Water from lunar sources, Near Earth Asteroids or Martian moons is thought to be relatively cheap and simple to extract, and gives adequate performance for many manufacturing and material shipping purposes. Separation of water into hydrogen and oxygen can be easily performed in small scale, but some scientists  believe that this will not be performed on any large scale initially due to the large quantity of equipment and electrical energy needed to split water and liquify the resultant gases. Water used in steam rockets gives a specific impulse of about 190 seconds; less than half that of hydrogen/oxygen, but this is adequate for delta-v's that are found between Mars and Earth. Water is useful as a radiation shield and in many chemical processes.
Ceramics made from lunar or asteroid soil can be employed for a variety of manufacturing purposes. These uses include various thermal and electrical insulators, such as heat shields for payloads being delivered to the Earth's surface.
Metals can be used to assemble a variety of useful products, including sealed containers (such as tanks and pipes), mirrors for focusing sunlight, and thermal radiators. The use of metals for electrical devices would require insulators for the wires, so a flexible insulating material such as plastic or fiberglass will be needed.
A notable output of space manufacturing is expected to be solar panels. Expansive solar energy arrays can be constructed and assembled in space. As the structure does not need to support the loads that would be experienced on Earth, huge arrays can be assembled out of proportionately smaller amounts of material. The generated energy can then be used to power manufacturing facilities, habitats, spacecraft, lunar bases, and even beamed down to collectors on the Earth with microwaves.

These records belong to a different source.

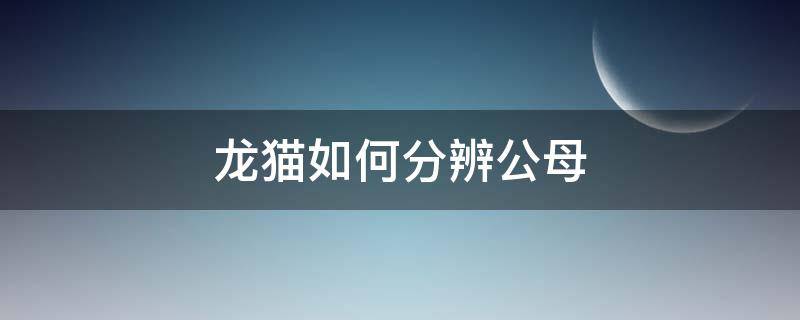 龙猫如何分辨公母 如何辨别龙猫公母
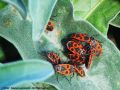 Heteroptera _ Pyrrhocoridae - Pyrrhocoris apterus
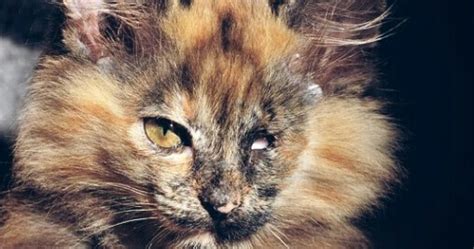 Jika kotoran yang ada di dalam mata kucing di biarkan saja dan. Obat Sakit Mata Pada Kucing Persia - Renunganku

Other possibilities for space manufacturing include propellants for spacecraft, some repair parts for spacecraft and space habitats, and, of course, larger factories. Ultimately, space manufacturing facilities can hypothetically become nearly self-sustaining, requiring only minimal imports from the Earth. The microgravity environment allows for new possibilities in construction on a massive scale, including megascale engineering. These future projects might potentially assemble space elevators, massive solar array farms, very high capacity spacecraft, and rotating habitats capable of sustaining populations of tens of thousands of people in Earth-like conditions.